Так кончился первый период Дунайской кампании. С чисто военной, стратегической точки зрения эта кампания и в этом первом, как и во втором, конечном своем периоде, являлась классическим образцом того, до какой степени даже армия первоклассная по своему человеческому материалу решительно не может достигнуть поставленных ей целей, если верховное командование само не уверено в том, имеют ли эти цели какой-либо политический смысл, и если войска совсем лишены умелого непосредственного руководства. Мужество и стойкость русского солдата и рядового офицера Ольтеницы и Четати остались вписанными золотыми буквами в книгу военной доблести русского народа.
Глава V
Кампания 1853 г. На Кавказе
1
Война на Кавказе велась и в 1853, и в 1854, и в 1855 гг. при очень трудных для России условиях, — и если она ознаменовалась рядом блестящих успехов и в конце концов если именно эти достижения на Кавказе (не одно только взятие Карса) оказали очень большое влияние при мирных переговорах в Париже, то здесь, по всей справедливости, должно поставить это в громадную заслугу не только храбрости и оперативности действующей армии, но и истинно патриотическому, стойкому, мужественному поведению грузинского народа, народа армянского, народа азербайджанского. И для грузин, и для армян, и для Азербайджана эта война с самого начала была как бы продолжением вековой борьбы против беспощадного «наследственного» врага, от которого только Россия могла оградить жизнь, достояние, безопасность населения. Героизм народов Закавказья, принимавших участие в боях, полная готовность к материальным жертвам и к выполнению со всем усердием, часто сверх задания, всех требований военных властей — все это засвидетельствовано почти всеми показаниями современников. От солдат до командиров грузины и армяне живо чувствовали кровную свою заинтересованность и полную с русскими солидарность и моральную ответственность в деле отстаивания своей земли от вторгнувшихся турецких захватчиков. Для Андроникова, для Бебутова борьба на Кавказе являлась точь-в-точь, как, скажем, для казачьего генерала Якова Петровича Бакланова, делом спасения родной земли и родных братьев.

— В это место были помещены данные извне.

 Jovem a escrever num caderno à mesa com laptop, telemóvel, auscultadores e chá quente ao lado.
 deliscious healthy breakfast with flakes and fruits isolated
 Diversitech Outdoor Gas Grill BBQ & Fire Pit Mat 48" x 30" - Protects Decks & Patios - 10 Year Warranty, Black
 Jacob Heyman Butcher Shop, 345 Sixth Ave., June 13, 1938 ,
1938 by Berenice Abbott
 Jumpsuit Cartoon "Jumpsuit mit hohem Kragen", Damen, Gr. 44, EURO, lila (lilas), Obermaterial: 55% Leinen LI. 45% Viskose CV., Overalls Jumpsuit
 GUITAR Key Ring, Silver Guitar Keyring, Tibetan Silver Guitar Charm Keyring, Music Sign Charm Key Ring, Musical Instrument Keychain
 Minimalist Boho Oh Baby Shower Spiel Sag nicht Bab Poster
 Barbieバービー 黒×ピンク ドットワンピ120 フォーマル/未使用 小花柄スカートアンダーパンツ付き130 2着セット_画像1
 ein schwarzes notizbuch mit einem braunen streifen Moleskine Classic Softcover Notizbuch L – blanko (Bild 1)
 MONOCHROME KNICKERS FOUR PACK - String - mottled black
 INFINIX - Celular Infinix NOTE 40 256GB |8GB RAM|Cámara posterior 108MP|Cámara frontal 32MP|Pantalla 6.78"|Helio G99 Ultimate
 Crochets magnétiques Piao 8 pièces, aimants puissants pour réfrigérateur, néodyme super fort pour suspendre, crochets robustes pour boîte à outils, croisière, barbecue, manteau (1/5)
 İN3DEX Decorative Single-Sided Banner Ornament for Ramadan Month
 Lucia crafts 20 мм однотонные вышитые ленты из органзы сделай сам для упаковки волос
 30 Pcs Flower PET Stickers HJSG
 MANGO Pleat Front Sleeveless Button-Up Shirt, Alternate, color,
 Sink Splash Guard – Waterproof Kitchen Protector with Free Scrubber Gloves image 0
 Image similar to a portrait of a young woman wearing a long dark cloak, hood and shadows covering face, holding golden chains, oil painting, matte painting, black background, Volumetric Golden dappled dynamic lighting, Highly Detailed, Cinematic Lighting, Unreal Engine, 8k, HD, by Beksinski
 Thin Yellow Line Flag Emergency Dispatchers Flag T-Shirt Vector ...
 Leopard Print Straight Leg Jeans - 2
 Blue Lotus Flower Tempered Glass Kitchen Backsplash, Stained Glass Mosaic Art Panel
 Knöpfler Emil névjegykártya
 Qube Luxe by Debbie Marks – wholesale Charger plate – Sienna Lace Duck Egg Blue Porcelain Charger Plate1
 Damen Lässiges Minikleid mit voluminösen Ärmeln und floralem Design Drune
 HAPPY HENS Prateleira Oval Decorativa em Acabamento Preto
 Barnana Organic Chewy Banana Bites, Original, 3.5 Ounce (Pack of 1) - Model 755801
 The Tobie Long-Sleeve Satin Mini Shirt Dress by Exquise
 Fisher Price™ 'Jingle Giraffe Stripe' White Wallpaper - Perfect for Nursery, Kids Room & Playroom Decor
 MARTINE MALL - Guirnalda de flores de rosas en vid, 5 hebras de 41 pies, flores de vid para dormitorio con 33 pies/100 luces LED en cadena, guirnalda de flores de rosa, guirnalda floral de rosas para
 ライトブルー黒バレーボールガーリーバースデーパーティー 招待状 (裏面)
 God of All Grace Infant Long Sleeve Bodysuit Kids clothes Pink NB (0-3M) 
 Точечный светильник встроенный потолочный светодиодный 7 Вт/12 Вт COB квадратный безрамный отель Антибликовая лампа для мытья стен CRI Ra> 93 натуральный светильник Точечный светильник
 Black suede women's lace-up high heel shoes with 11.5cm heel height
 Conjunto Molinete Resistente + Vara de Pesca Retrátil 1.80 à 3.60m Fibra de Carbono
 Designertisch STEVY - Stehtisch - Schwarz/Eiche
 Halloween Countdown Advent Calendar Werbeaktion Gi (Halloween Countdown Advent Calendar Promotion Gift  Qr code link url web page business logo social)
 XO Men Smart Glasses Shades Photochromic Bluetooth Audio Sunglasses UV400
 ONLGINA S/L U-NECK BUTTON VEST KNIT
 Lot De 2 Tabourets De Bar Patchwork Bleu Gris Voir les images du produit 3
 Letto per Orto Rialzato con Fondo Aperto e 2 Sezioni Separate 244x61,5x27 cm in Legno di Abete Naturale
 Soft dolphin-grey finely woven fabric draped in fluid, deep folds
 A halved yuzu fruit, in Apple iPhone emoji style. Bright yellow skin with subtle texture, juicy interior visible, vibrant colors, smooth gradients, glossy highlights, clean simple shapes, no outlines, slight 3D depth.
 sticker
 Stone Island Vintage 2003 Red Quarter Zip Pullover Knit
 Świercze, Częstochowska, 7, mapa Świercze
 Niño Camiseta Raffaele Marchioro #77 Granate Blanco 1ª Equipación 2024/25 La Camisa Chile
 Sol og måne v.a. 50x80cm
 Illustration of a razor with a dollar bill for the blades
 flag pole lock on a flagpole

Среди части образованного слоя Грузии и Армении уже пробудился интерес к русской культуре, к русским писателям, к общественным прогрессивным настроениям, и в Закавказье уже перестали валить все в одну кучу и уже разбирались в том, что, кроме России Николая I, существует еще Россия Пушкина, Гоголя и Белинского и что певец России Лермонтов был и великим певцом Кавказа.
Грузинское население, прежде всего подвергшееся нападению со стороны турок, сразу же повело себя так, что облегчило в очень серьезной степени дело военной обороны. Для армян в ближайшие годы борьба за Карс была делом тоже жизненно важным, как для грузин — борьба за подступы к Тифлису. И оба народа со вздохом облегчения приняли конечную весть об освобождении от турок первоначально занятой ими части закавказской территории. Боевые заслуги грузинской милиции, как и боевая помощь армян, совершенно бесспорны.